Regarding care for the poor, my wife and I support a small denominationally based organization located in downtown Los Angeles called "Hope Again" that does case management and counselling for people who want to get off the street and learn to take care of themselves. For a fraction of the cost of welfare, they have helped thousands of people get homes, get jobs and get their lives together again. Federal support of such organizations would doubtless be ruled a violation of the separation of church and state (and they might not want it anyhow if it meant the intrusion of federal supervision and regulation), but if I had my choice, I'd rather put my money into organizations like these than into federal programs any day. If the churches mobilize to form more organizations like these, I suspect we could do a lot more to combat systemic poverty than any number of federal programs could.
Laws like the South Dakota law against doctors performing abortions are not an intrusion into "our bedrooms and private lives," they are simply a restatement of the Hippocratic Oath (not, by the way, either a Christian or a Republican document), by which doctors have sworn for over 2000 years that they would "not give to a woman an abortive remedy" (http://www.pbs.org/wgbh/nova/doctors/oath_classical.html). You can do what you want in your bedroom in South Dakota, but if you don't like the results, you can't go to a doctor to "fix it."

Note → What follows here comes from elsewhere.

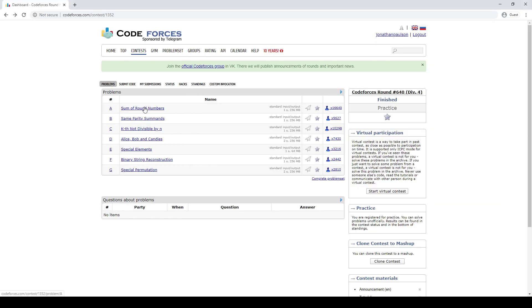Codeforces has just introduced div 4, which is supposed to be an easier contest, so let's take a look and see how the problems are.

The reason pro-life people can oppose abortion and support the death penalty at the same time is that we can tell the difference between innocent and guilty life. The unborn child is innocent of any crime, some people are guilty of crimes that are severe enough to warrant their being put to death. To say that someone could torture and murder a dozen people and not deserve the death penalty is to be guilty of an irreverance towards the lives of the victims.